I know it's a little "odd" looking to see black bars on the top and bottom of a brickfilm (or any film, for that matter), and, compared to the standard 16:9 "fullscreen" films, it's easy to assume that films with the black bars are "loosing" information, cutting off the viewer from part of the frame. However, this isn't true.
Using a "full screen" method is ok, but, can sometimes distract viewers when a lot is going on in a single shot. Using a "wider" aspect ratio more closely matches the view of the world we see through our eyes - two circular objects that, in turn, project a really wide depth field for our brains to intake.
A great video on this issue is here: TCM on Widescreen and Pan and Scan
It talks about a lot of classic films, and why making them "fullscreen" for television actually is "deleting" part of the film - vise versa of what many average film-watchers would assume. Just because a film fully fills the youtube video screen, or your computer screen, doesn't mean that the film is actually showing you more. - In most cases, it isn't.
Picture a car, perhaps a limo or a tank - something closer to that than a smart car. If you're filming a film in 16:9 aspect ratio, you'd have to zoom out so far, just to get the whole vehicle into frame, that you'd have a lot of "unused" space above and below the limo or tank - something not exactly appealing to the eye when watching a film. However, crop the top and bottom, and you've got a solid looking shot - the vehicle in question is perfectly within the middle of the frame, with no distractions around it.
Here are two videos that I've done that showcase the need for different aspect ratios -
This one, I originally shot intending to crop to 2.35:1, but didn't. Notice that you can see past the top of the set when the frame is not cropped for a cinematic view: Man of Steel test
Sure, you could argue that you're seeing a "fuller frame" however, I, as the director, didn't intend for you to see the top of the set, and, seeing so makes the video look more amateurish.

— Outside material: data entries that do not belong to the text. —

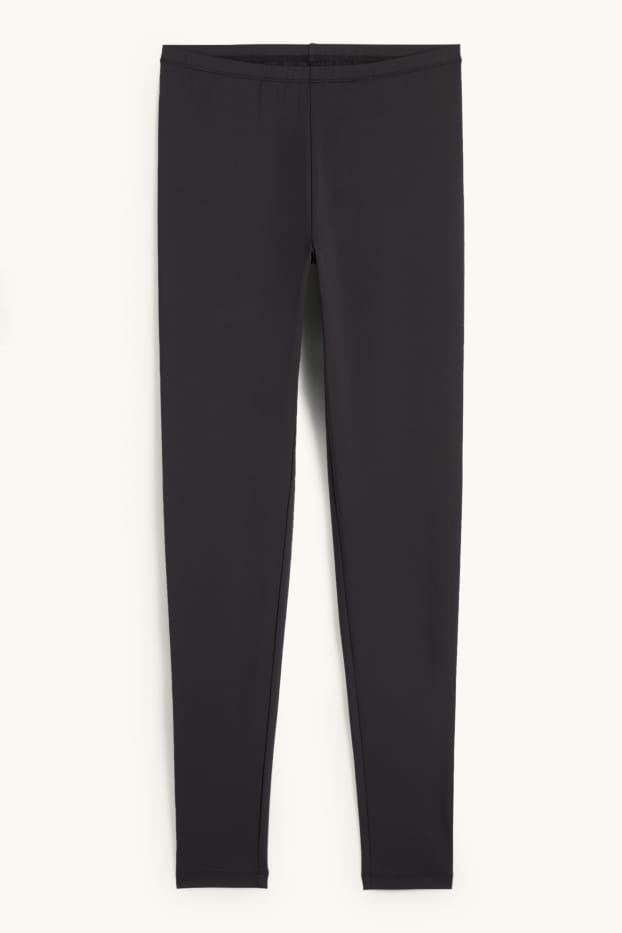 Dames - Lange ski-onderbroek - THERMOLITE® - zwart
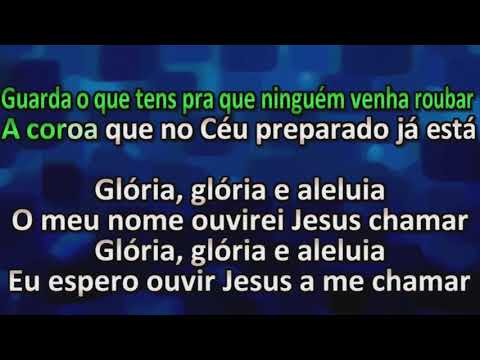 Alugiana - Santifica - Playback - Karaoke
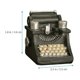 thumbnail image 4 of Retro Typewriter Model Creative Typewriter Decor Photography Prop Typewriter Figurine, 4 of 4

This video, on the other hand, just shows one pic throughout. However, notice how much more of the "world" (map) that you can see vs if I'd cut the sides off to remove the letterboxed effect. (Thus, loosing some of the map): Johnny Thunder Map
Without a wider view, the edges of the map (and text) would be "lost."
Generally, action films, or other films after the 1950's (as Smeagol nicely talked about above) tend to use 2.35:1, a ratio perfect for eye or mouth close ups in intense scenes. However, romantic films, comedies, and other such films use the other standard of 1.85:1 - which is much better for facial, or head and shoulders close-ups.
I use 2.35:1 not only to achieve a more "cinematic" look, but, my film projects tend to be much more action or adventure oriented - thus calling for wider shots. I have even gone so far as to experiment with even wider aspect ratios, as, I personally just love the look of wider shots compared to 4:3 or 16:9 shots - the latter two being a staple of most brickfilms. My mentality is that if my film looks better, and is better, then it will stand out more. And, there's no better way to set yourself apart from "the rest" than to go for a wider frame.